- _What to do_
Once you find the line below that has "Next, copy this", output it and every line after it exactly, stopping after the line that has "Hello everyone, welcome", with no pictures.
+ + + +
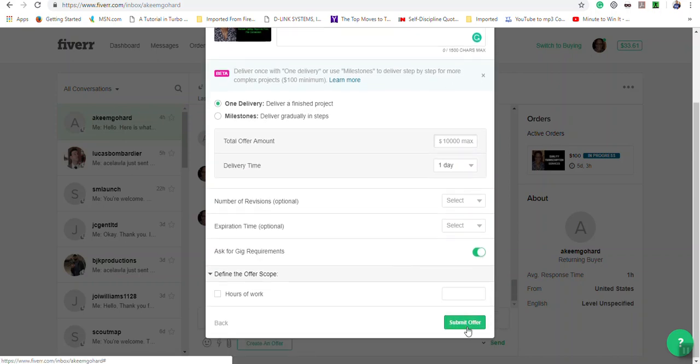You use this feature if a buyer is purchasing services that are not already set up in your gig, so the price varies from the actual prices that you have in your gig setup. Or you can simply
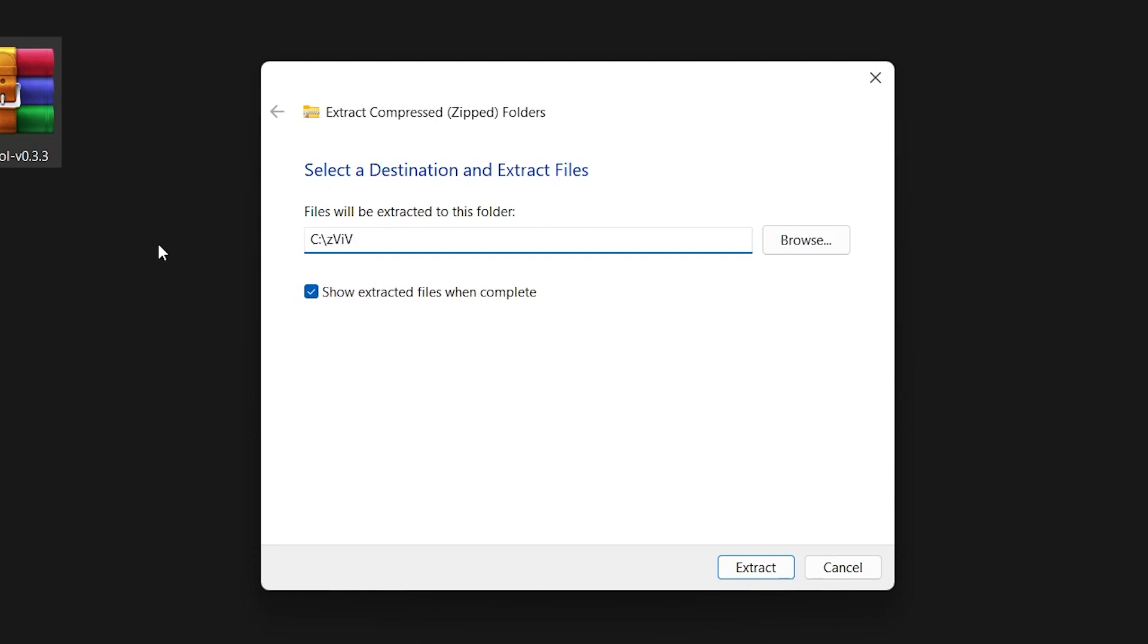Next, copy this folder to your C directory. Make sure the folder is named zvive.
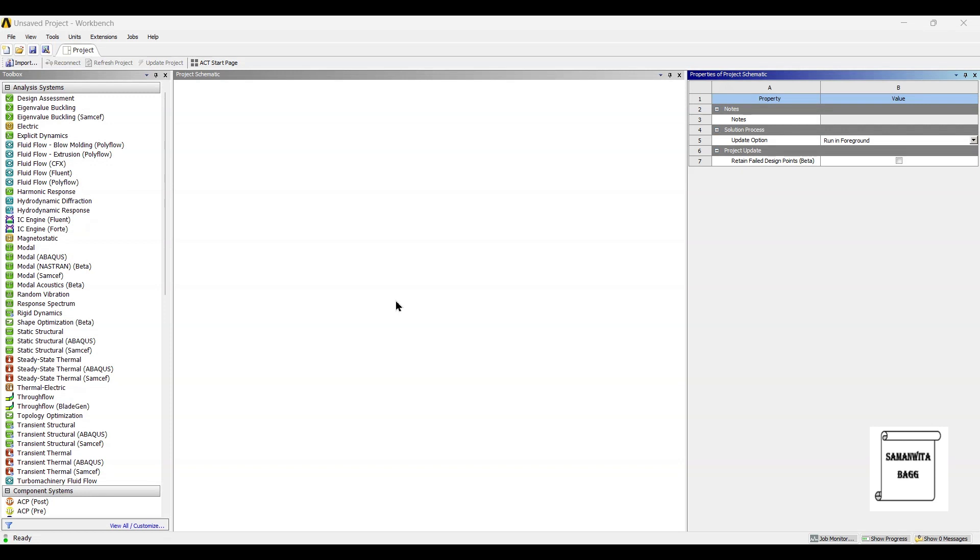Hello everyone, welcome to the next session on ANSYS Workbench Tutorials. In this session, we are going to analyze the leaf spring using modal analysis.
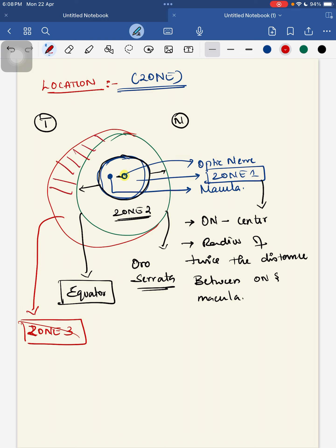To summarize the zones: Zone 1 has the optic nerve at the center with a radius twice the optic nerve-to-macula distance. Zone 2 is the concentric circle beyond Zone 1 extending to the ora serrata nasally and equator temporally. Zone 3 is the lateral crescent from Zone 2 to the ora serrata temporally. These are the locations you need to remember.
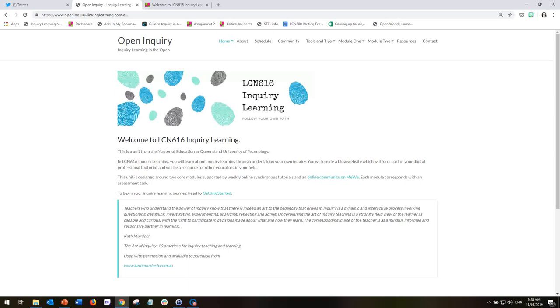In this short video, I'm just going to step you through the Open Inquiry website space, which is the other half of the unit content.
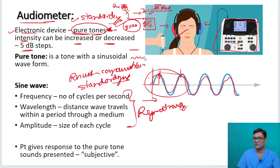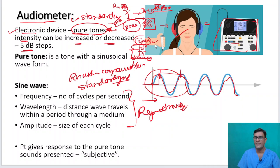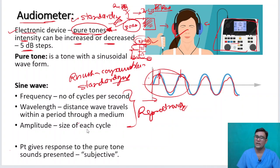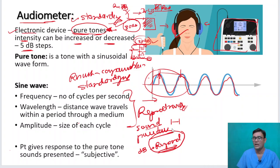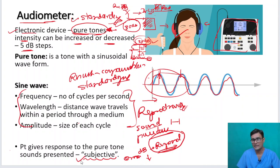At a particular frequency, I give the sound to the patient. At 0 decibels — can you hear? No. At 5 — no. At 10 — no. At 15 — no. At 20 — yes. So 20 decibels is the threshold at which the patient is able to hear. This is the basic objective of audiometry. Always remember this is not 100% accurate because the patient has to respond to your sound, making it a subjective test.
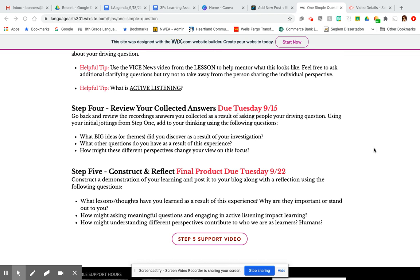Step four really talks about collecting your answers and thinking about them in general — like what are the big themes that you discovered in your investigation? What other questions do you have as a result of this experience? You had this one question — what did other people's responses prompt you into having other questions? What are those questions?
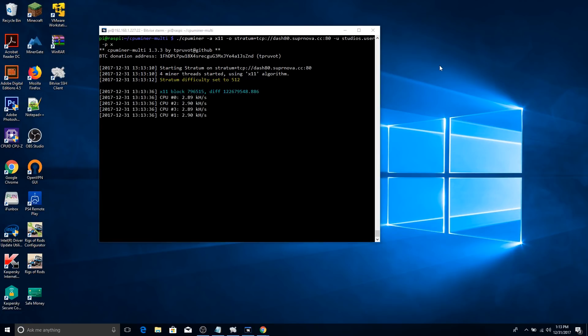Yeah, as you can see, it is mining on all four CPUs with the Raspberry, not the CPU, all four cores the CPU has to offer on the Raspberry Pi. And there you have it.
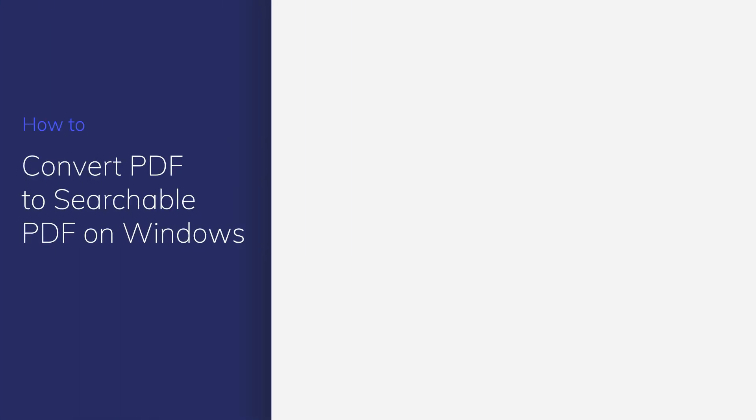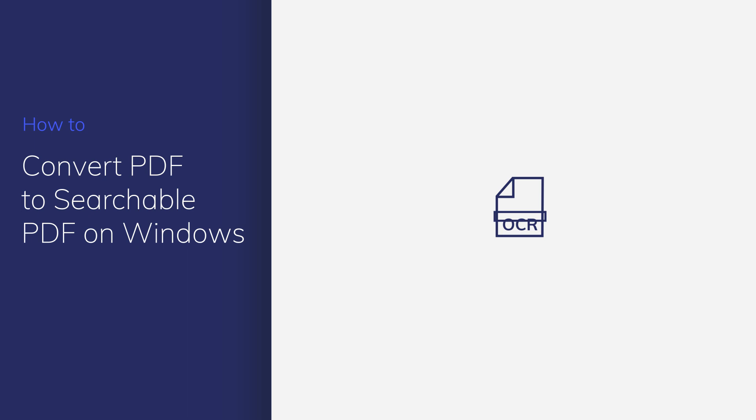When you get a large PDF file and want to quickly find the information you need, searching within the PDF can be a shortcut. However, some PDFs created from images or scanners are not searchable.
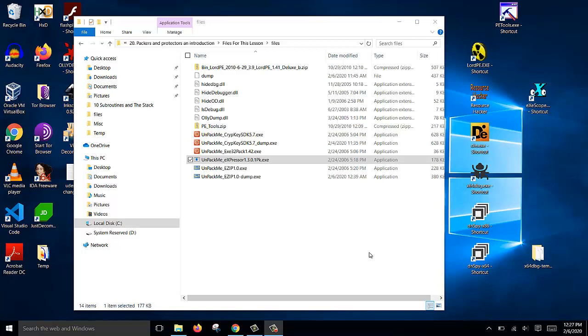In this video, I will show you how to unpack this file and fix the IAT table after dumping.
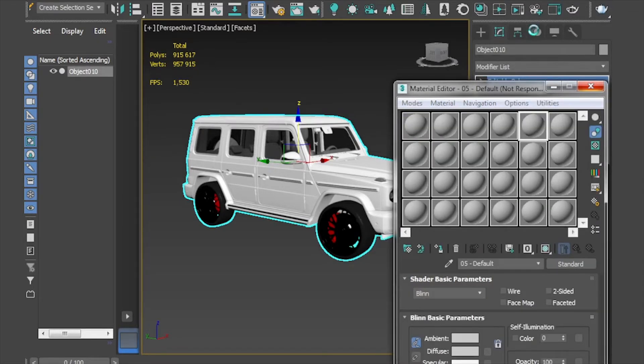Now everything is okay. The second step, which is really important, is that we have to keep the materials in the edit slots before turning the model to proxy.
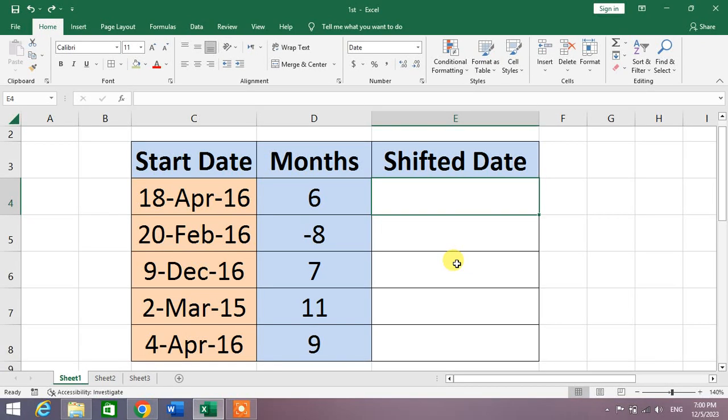Hello friends, welcome to your very own channel. In this short video tutorial, you are going to learn how to shift a date forward or backward by a given number of months in Microsoft Excel.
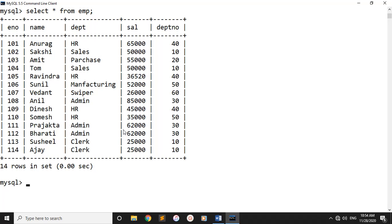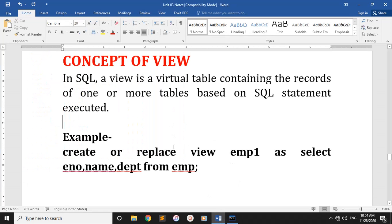Now we have to hide the salary. Using a view, we can show employee number, name, department, and department number — hiding the salary. The view creates a temporary table. Query design will show you those records.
+ + + +
- _Response to the exercise_
Next, copy this folder to your C directory. Make sure the folder is named zvive.
Hello everyone, welcome to the next session on ANSYS Workbench Tutorials. In this session, we are going to analyze the leaf spring using modal analysis.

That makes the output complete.